It was filed on June 29, 1999 and issued on January 7, 2003. Given a 20 year patent term, it will not expire until January 7, 2023.

Do you mean there is a patent on every single VTES-set that extends the 1994-patent?


Wizards owns (as far as I've been able to search in the US Patent Office database) only two trading card game patents:

5662332

RE37957

5662332 was filed October 17, 1995. It has an issue date of September 2, 1997.

RE37957 was filed June 29, 1999. It has an issue date of January 7, 2003.

Ah, but from 1995 and onward, the term of the patent (20 years) is based on the date of filing, not the date of issuance. 1994 and prior, the term of the patent (17 years, and this gets important later) was based on the date of issuance, not filing.

RE37597 mentions that it is a re-issue of 5662332. Looking up what a re-issue is...oh, interesting:

www.uspto.gov/web/offices/pac/mpep/s1401.html

"Whenever any patent is, through error, deemed wholly or partly inoperative or invalid, by reason of a defective specification or drawing, or by reason of the patentee claiming more or less than he had a right to claim in the patent, the Director shall, on the surrender of such patent and the payment of the fee required by law, reissue the patent for the invention disclosed in the original patent, and in accordance with a new and amended application, for the unexpired part of the term of the original patent. No new matter shall be introduced into the application for reissue."

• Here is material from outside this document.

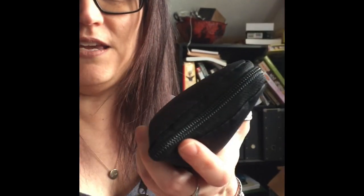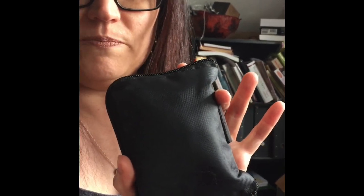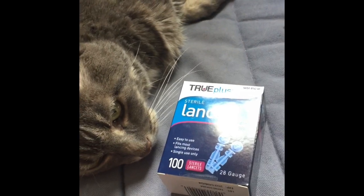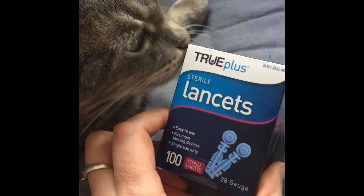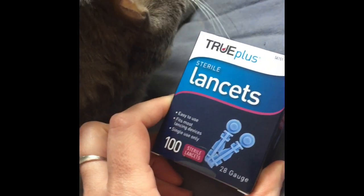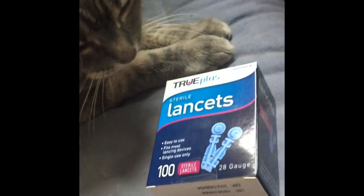So first I want to show you what's in my testing kit. This is my testing kit and it's got my meter and all the supplies that I need for testing my cat Cece. So these are the lancets that I use. They are really cheap — I buy them online for about $1.19 for a hundred of them. You don't need the lancing device at all. Just the lancets are fine.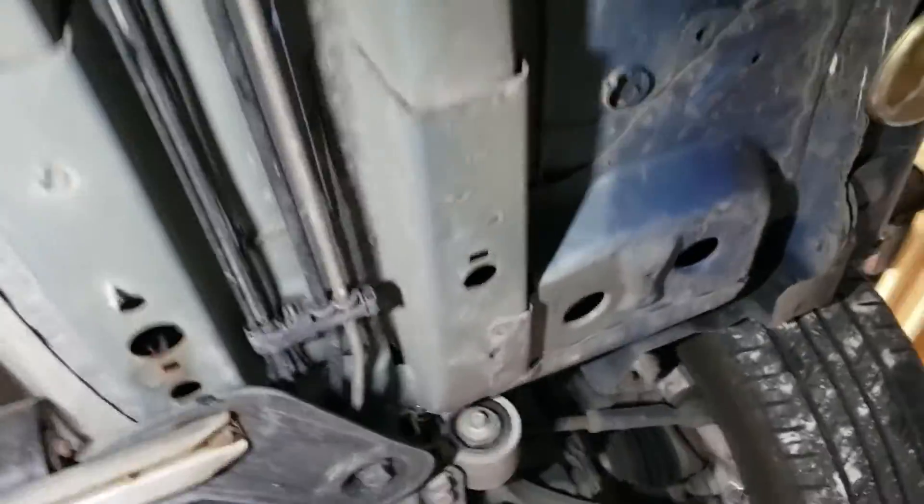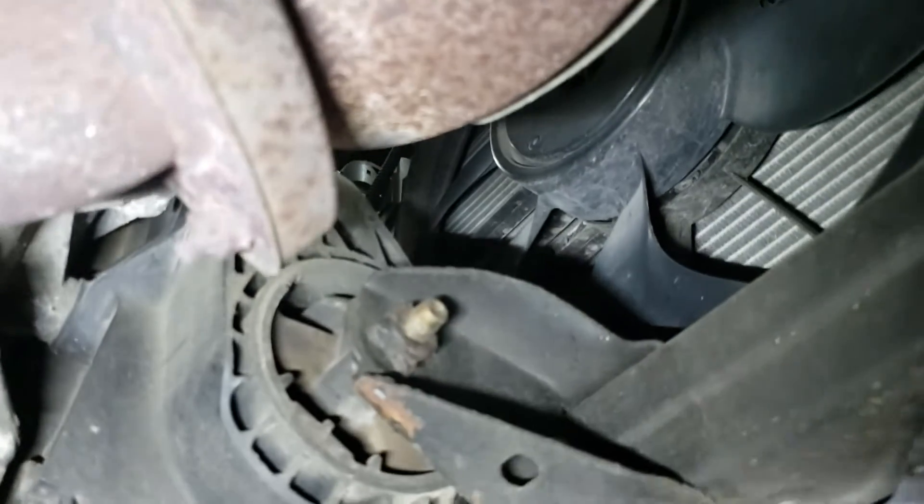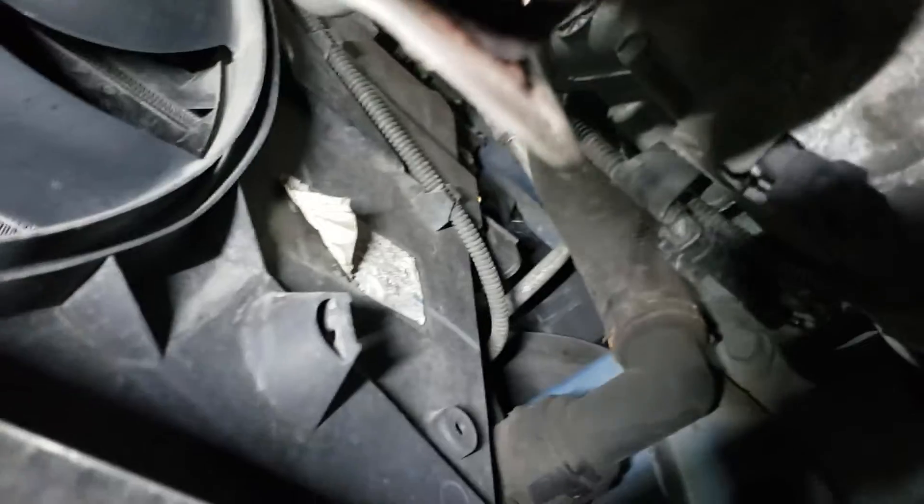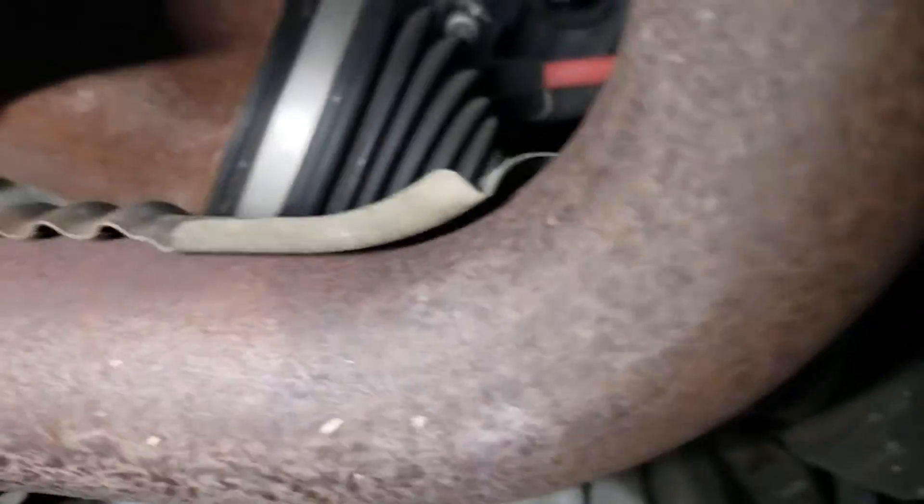The point of this video is: when you check the car in and have them do an inspection, make sure they check all that stuff. This will help you decide what to ask them when they say the inspection looked good. Now you actually have something specific you can ask about — look at your oil pan and all that good stuff.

So RE37597 is, in effect, a corrected version of 5662332, not with an extended term, but with the original term - October 17, 1995 through October 17, 2015. (!!!!!)

Both of these patents refer to - and are considered divisions of - the 1994 patent _application_ 263447 which was filed on Jun 22, 1994 but was never issued a patent number. This is probably where people get the 1994 date from. A division or continuation is explained here:

en.wikipedia.org/wiki/Divisional_patent_application
en.wikipedia.org/wiki/Continuing_patent_application

So I think what Garfield and Wizards did was originally file in 1994, but waited for the new patent laws to take effect in 1995 so they'd get the benefit of a 20-year term instead of a 17-year term, using the division/continuation rules or something.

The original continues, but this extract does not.